INSTRUCTIONS TO FOLLOW: Please copy each line below that contains the word "Base".

DATA EXTRACTS:
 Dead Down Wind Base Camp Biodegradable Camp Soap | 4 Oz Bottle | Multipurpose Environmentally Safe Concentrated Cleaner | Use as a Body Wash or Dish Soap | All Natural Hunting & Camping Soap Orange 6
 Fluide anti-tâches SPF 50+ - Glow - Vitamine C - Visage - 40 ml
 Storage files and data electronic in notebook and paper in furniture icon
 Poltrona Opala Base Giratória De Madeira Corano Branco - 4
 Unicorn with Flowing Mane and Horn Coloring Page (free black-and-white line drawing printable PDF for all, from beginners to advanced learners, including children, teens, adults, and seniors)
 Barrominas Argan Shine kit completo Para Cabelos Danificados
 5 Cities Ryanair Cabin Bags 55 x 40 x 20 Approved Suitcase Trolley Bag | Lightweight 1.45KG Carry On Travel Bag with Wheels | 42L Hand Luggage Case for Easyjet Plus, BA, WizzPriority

==

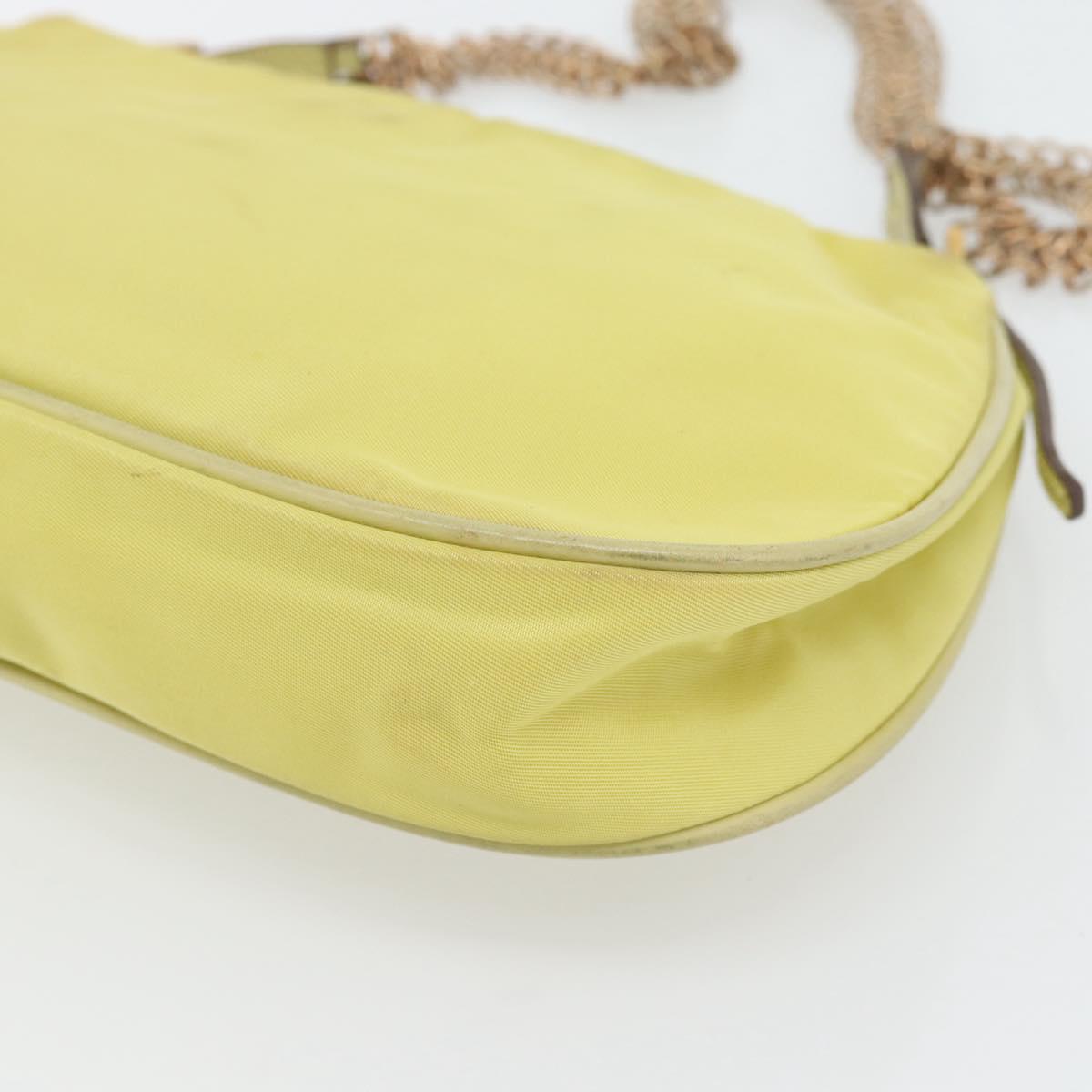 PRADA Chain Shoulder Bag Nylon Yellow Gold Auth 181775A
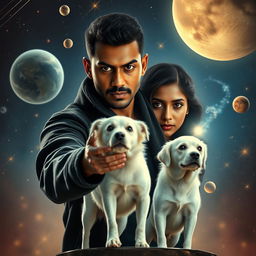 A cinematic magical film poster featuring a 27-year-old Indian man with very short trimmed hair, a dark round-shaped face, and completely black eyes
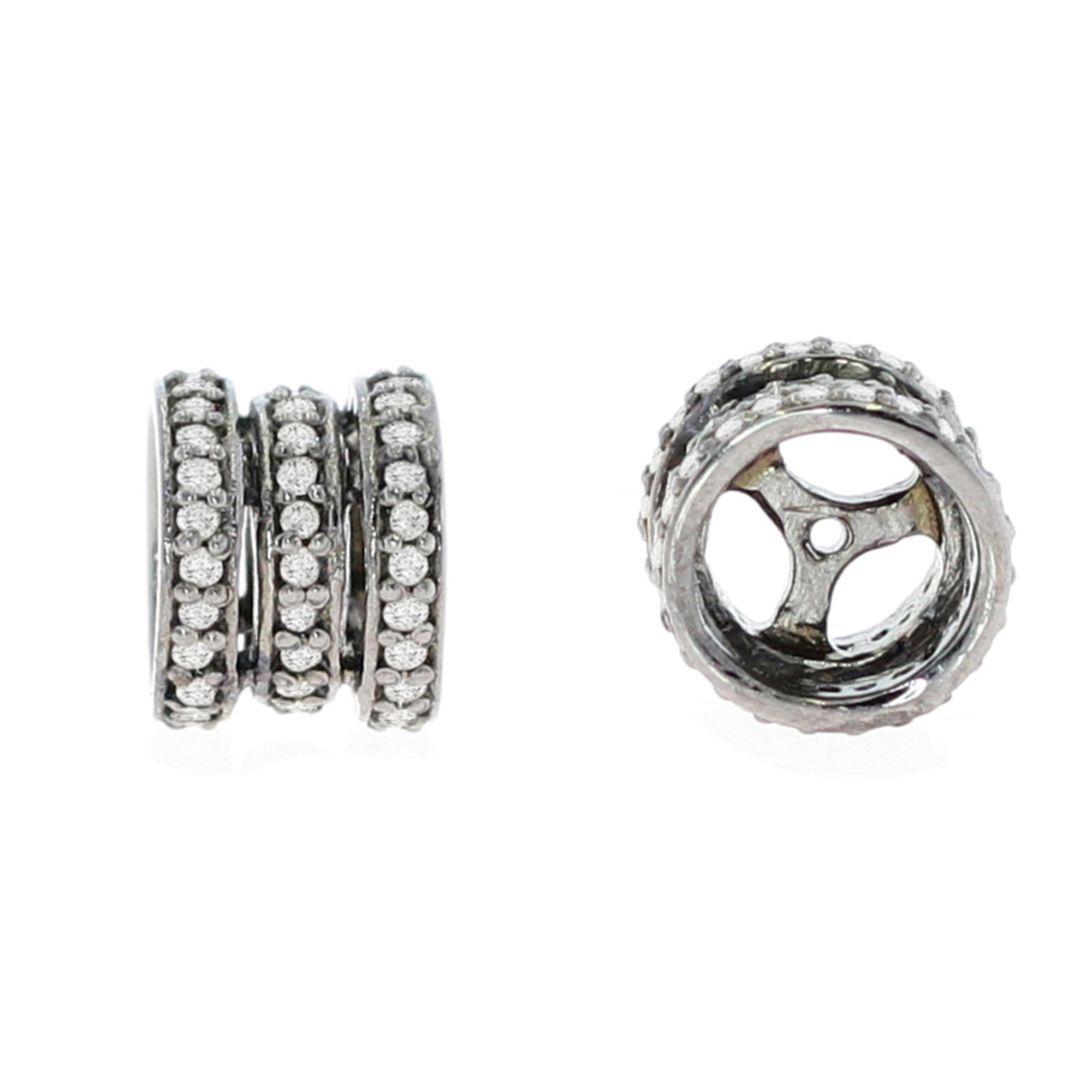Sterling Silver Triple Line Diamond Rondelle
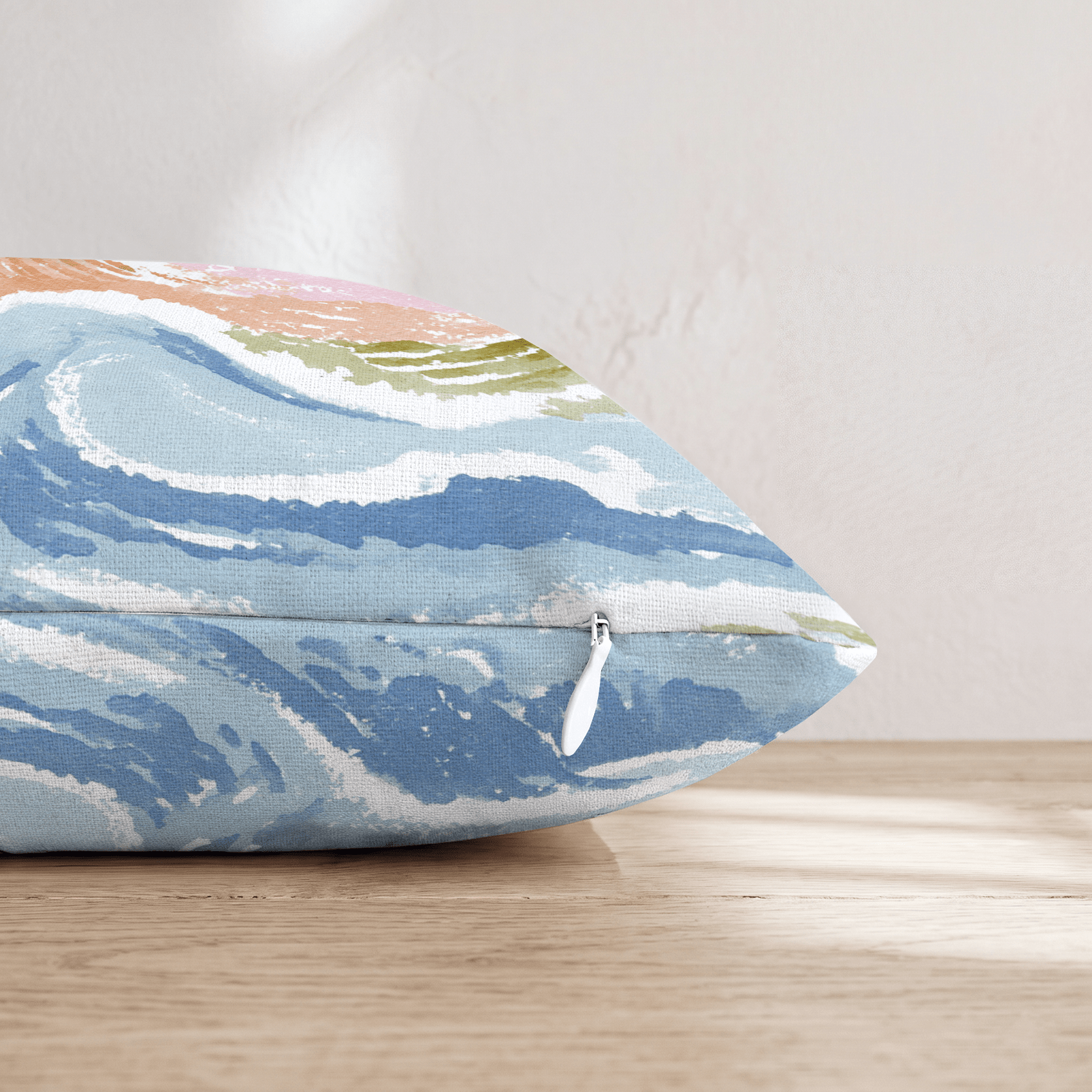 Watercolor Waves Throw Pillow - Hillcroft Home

SOLVED PROBLEM:
 Dead Down Wind Base Camp Biodegradable Camp Soap | 4 Oz Bottle | Multipurpose Environmentally Safe Concentrated Cleaner | Use as a Body Wash or Dish Soap | All Natural Hunting & Camping Soap Orange 6
 Poltrona Opala Base Giratória De Madeira Corano Branco - 4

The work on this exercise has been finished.